Items from a data source:
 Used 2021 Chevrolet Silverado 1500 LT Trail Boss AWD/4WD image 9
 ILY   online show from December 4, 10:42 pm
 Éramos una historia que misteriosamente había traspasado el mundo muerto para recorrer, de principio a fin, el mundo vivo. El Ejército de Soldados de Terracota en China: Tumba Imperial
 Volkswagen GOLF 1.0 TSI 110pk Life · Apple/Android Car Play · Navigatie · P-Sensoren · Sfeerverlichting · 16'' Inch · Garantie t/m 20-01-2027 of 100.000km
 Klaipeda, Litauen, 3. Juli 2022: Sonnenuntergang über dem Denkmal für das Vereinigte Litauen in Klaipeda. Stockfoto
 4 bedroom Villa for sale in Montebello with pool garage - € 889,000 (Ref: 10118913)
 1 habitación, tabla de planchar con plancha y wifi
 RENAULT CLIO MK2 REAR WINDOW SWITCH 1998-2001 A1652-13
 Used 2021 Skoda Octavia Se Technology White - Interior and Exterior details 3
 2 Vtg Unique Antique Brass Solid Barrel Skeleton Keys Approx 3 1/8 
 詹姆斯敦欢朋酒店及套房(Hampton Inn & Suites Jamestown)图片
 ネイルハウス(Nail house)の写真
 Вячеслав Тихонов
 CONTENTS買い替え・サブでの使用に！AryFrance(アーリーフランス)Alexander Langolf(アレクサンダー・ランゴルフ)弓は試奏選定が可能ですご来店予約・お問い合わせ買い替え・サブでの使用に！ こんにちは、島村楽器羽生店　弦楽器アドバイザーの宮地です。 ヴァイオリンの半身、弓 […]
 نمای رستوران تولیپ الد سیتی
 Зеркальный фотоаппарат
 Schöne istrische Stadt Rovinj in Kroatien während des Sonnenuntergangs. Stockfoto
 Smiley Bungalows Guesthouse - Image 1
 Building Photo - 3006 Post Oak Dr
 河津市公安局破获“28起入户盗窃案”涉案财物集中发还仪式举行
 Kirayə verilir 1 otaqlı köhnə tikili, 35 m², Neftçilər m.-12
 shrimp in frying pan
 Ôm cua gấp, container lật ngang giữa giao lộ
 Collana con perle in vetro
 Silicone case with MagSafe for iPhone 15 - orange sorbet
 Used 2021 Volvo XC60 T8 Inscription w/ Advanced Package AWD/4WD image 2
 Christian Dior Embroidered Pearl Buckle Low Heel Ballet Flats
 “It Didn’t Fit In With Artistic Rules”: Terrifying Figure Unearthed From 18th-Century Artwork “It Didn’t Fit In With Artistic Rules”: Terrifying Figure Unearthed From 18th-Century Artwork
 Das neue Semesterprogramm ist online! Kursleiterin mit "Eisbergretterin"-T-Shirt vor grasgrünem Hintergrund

**Prompt**: Beginning at the line with "Kirayə verilir 1" and ending at the line with "Christian Dior Embroidered", reproduce each line of the data above exactly, and add no other lines.

**Response to this task**:
 Kirayə verilir 1 otaqlı köhnə tikili, 35 m², Neftçilər m.-12
 shrimp in frying pan
 Ôm cua gấp, container lật ngang giữa giao lộ
 Collana con perle in vetro
 Silicone case with MagSafe for iPhone 15 - orange sorbet
 Used 2021 Volvo XC60 T8 Inscription w/ Advanced Package AWD/4WD image 2
 Christian Dior Embroidered Pearl Buckle Low Heel Ballet Flats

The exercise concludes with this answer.